Henry Lai-Pyne (aka Eek) is a multimedia artist and designer working across film, fashion, moving image, and experimental music. His individual creative practice often involves ‘kitbashing’, the merging of various mediums, processes, found sounds, and subject matter, to create new narrative, symbology, and world-building. Henry’s individual and collaborative work has been featured at Soft Centre, Arts House, AsiaTOPA, ACMI, Melbourne International Film Festival, AIDLAB Hong Kong, Afterpay Australian Fashion Week, Berlin Art Film Festival, and Montreal Independent Film Festival. Alongside Henry’s creative endeavours, he has been involved with a number of new-media and art organisations including Liquid Architecture, Exhibitionist, MetaObjects, and Soft Centre, as well as practising artists Lu Yang, Bridget Mary Chappell, Jahra Wasalla, Atong Atem, and Hector Clark. Additionally Henry’s digital art practice extends to more commercial areas of the creative industry, including commissioned design for fashion label, INJURY; having features on SHOWstudio, VOGUE, Fashion Film Festival Milano 2022, Bucharest Fashion Film Festival 2022

 

CultureLAB x ACCA

Tina Stefanou 
An Imageless Sea 

An Imageless Sea is a new work by Tina Stefanou, in collaboration with visually impaired motorcycle mechanic and rider Matthew Cassar. The work blurs the boundaries between sight-vision-touch-sound, coinciding with Mathew’s journey to be the first blind rider to break a world record motorcycle jump. 

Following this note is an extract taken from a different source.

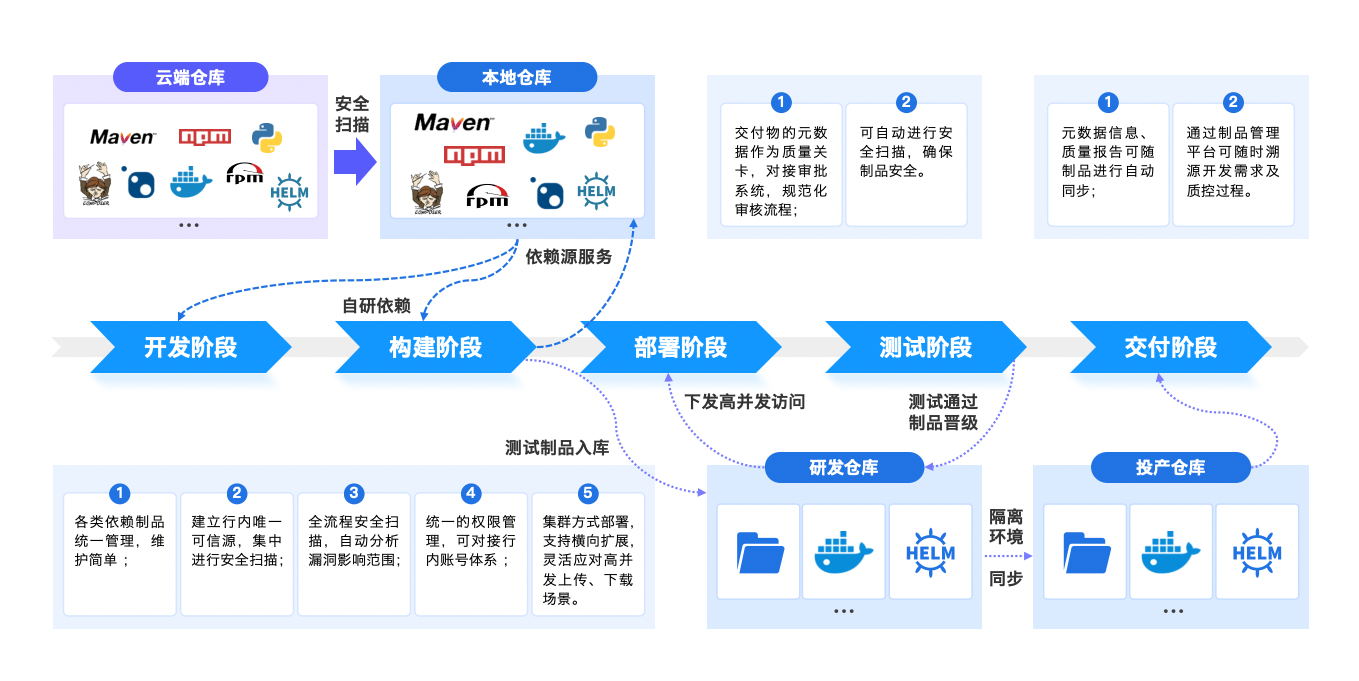 構(gòu)建企業(yè)唯一可信源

Tina Stefanou is a Greek-Australian artist, performer, and researcher living on unceded Wurundjeri country in Wattle Glen, Victoria. With a background as a vocalist, she works undisciplined, with and across a diverse range of mediums, practices, approaches and labours: an embodied practice that she calls voice in the expanded field. Informed by working-class and diasporic experiences, Stefanou engages in sound and research as social practice with a wide range of collaborators, exploring with and beyond the all-too-human and more-than-human voice. Investigating the forces, fabulations and flows that uphold, reproduce or alter where and for who art practice and welfare is experienced— from the planetary commons to the socio-economic realities of the (extra)ordinary. 

Stefanou has performed, published, and exhibited locally and internationally including: Salt Museum (Istanbul); Kadist Gallery (Paris); Le Pavé d’Orsay (Paris); Residency Corazon Gallery (La Plata); The Yellow House (Sydney); The Sydney Opera House; Carriageworks (Sydney); Gertrude Contemporary (Melbourne); The Ian Potter Museum (Melbourne); Blindside Gallery (Melbourne); Perth Institute of Contemporary Art; McClelland Gallery and Sculpture Park (Langwarrin); Australian Centre of Contemporary Art (Melbourne); Disclaimer journal (AU); Women’s Art Register (AU); RMIT’s non/fictionLab (AU); Cordite Poetry Review (AU); Rosi Bradotti Posthuman Summer School (NL); Project Anywhere (AU/US); Museum of Old and New Art (Tasmania); Buxton Contemporary (Melbourne); The Substation (Melbourne); and Sarah Scout Presents (Melbourne). 

Stefanou has won an Australian Art Music Award for Excellence in Experimental Music with the Music Box Project (2020); Schenberg Arts Fellowship (2020); Marten Bequest Scholarship (2021); City of Melbourne Arts Grant (2022); Art and Ecology COVA Residency (2022); SPACED Residency (2022-23) and was a finalist in the 67th Blake Prize (2022) and Incinerator Art for Social Change Award (2022).